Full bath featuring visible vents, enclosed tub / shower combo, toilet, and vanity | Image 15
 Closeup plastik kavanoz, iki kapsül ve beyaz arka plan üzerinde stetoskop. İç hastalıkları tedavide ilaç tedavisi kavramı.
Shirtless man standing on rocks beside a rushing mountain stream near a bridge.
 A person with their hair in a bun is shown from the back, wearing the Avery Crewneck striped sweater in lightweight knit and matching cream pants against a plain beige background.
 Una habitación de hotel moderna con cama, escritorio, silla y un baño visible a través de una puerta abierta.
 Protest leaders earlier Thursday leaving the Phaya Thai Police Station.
━━━━━━
### WORK ORDER
The records above must be reproduced word for word.

### WRITTEN RESPONSE
Full bath featuring visible vents, enclosed tub / shower combo, toilet, and vanity | Image 15
 Closeup plastik kavanoz, iki kapsül ve beyaz arka plan üzerinde stetoskop. İç hastalıkları tedavide ilaç tedavisi kavramı.
Shirtless man standing on rocks beside a rushing mountain stream near a bridge.
 A person with their hair in a bun is shown from the back, wearing the Avery Crewneck striped sweater in lightweight knit and matching cream pants against a plain beige background.
 Una habitación de hotel moderna con cama, escritorio, silla y un baño visible a través de una puerta abierta.
 Protest leaders earlier Thursday leaving the Phaya Thai Police Station.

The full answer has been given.